The road through Action Area III of New Town is largely treeless and dusty from construction activity; there are dozens of still vacant matchbox-sized buildings. At Hatishala village, where New Town ends and countryside begins, Mirajul Mollah, a tea-stall owner, waves towards the rural darkness behind him: the jackals howl from there these days. It is late evening.
In the overcrowded Dum Dum area, a narrow lane leads to the closed-down Lord’s lozenge factory. Shut for decades and ownership rights currently under litigation, his main errand, says a guard, is to ensure that jackals don’t escape onto the busy streets outside. There is little else to do, he complains. He thinks there might well be over a dozen jackals, traditional residents before the factory came up.
Right at the other end of a large vegetation-covered pond within the factory premises, six jackals, including two cubs, are playing in the fading evening light.
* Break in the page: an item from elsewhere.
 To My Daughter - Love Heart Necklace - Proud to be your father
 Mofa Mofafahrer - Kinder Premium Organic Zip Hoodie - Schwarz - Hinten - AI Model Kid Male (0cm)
It is a heart-warming sight. They run around, scratch the ground and wallow in the mud. I hear a cub squeak playfully, the sound vying against the noise of the city—local trains, Metro rail, honking vehicles, rickshaw bells and loudspeakers.
The guard is nervous and wants me to leave. One of the jackals notices us. Immediately all of them dash and leap into the wild, overgrown shrubbery next to the pond. In their escape, I feel both hope and despair for Kolkata’s citizen jackals.